The Children’s Health Insurance Program (CHIP) is another key way for children and families across the country to receive low-cost, high-quality health care. Over 100,000 kids in Oregon count on CHIP, and in 2017, Wyden worked hard to craft a long-term, bipartisan extension of the program that will give families peace of mind for years to come.

Lowering Premiums and Health Care for All  

The Affordable Care Act was a needed step in the ongoing fight to ensure all Americans have access to affordable, quality health care. It included many changes that Senator Wyden has long championed, from airtight, loophole-free protections for those with pre-existing conditions to flexibility for states who have ideas about how to make their own health care system better. Recently those values have come under attack by those who seem to want to return to the days when health care was reserved for the healthy and the wealthy. People power stopped those efforts in their tracks, but Senator Wyden is committed to going beyond defending the status quo.
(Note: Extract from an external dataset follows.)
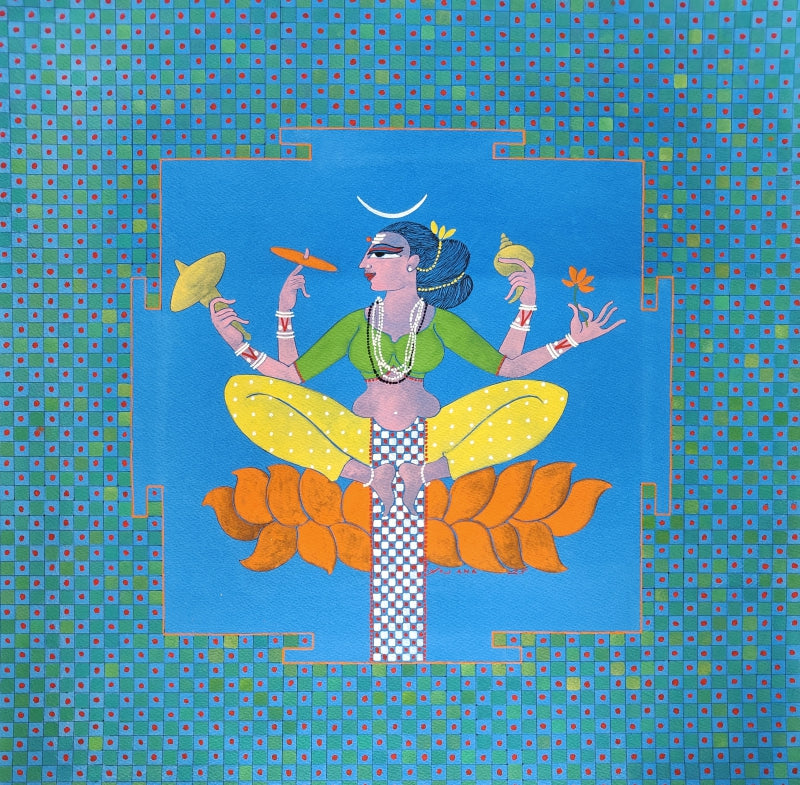 Siddhidatri' religious mixed-media painting by artist Yojana Dehankar, 22x22 inch, on paper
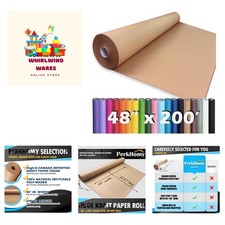 PerkHomy 48" x 2,400" 200' Brown Kraft Paper Roll for Craft Bulletin Board Pa...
Even after the Affordable Care Act became law, it’s clear that we need to build on the successes of the law for families who are still paying too much for health care. That’s why Senator Wyden is fighting to lower premiums and out-of-pocket costs for people no matter how they get their health care. He is working to give states all the resources they need to do health care in a way that’s right for their residents. Through the State Innovation Waivers Senator Wyden authored into the Affordable Care Act, states can pursue their own public option or other transformative changes to deliver health care to all.

Bringing Down the High Cost of Prescription Drugs and Ending the Opioid Epidemic  

Perhaps the dominant health care challenge of our time, prescription drug costs are out of control. From medicines for newborns to the array of pills seniors often need to take for conditions like diabetes and heart disease, the system is broken. Unscrupulous drug companies can set high prices with impunity, shadowy middlemen like pharmacy benefit managers take their cut along the way, and it’s often hard to tell whether the price paid at the pharmacy is what your insurance plan told you it would be. Senator Wyden is fighting to reform the entire drug supply chain so there’s true transparency, fairness and accountability for Americans who just want to stay healthy without going broke.

Senator Wyden is pulling out all the stops to curtail the opioid epidemic that is devastating communities in Oregon and across the country. It’s going to take an all-hands-on-deck approach, from friends, family members, community organizations, health care providers and all levels of government to take on this challenge. Every day, thousands die and thousands more families struggle with the heartbreak of helping a loved one survive the terrible disease of addiction. Senator Wyden has called for a three-pronged approach to addressing this crisis at the federal level: preventing misuse of these powerful opioid pills in the first place, treating those who are suffering from addiction, and using tough enforcement to stop illegal distribution both domestically and abroad.

In 2022, under the Inflation Reduction Act, Ron secured provisions that will, for the first time, allow Medicare to negotiate directly with drug companies to lower prescription drug costs for seniors. His legislation will also cap monthly out-of-pocket drug costs for seniors and hold Big Pharma accountable for price-gouging seniors at the pharmacy counter.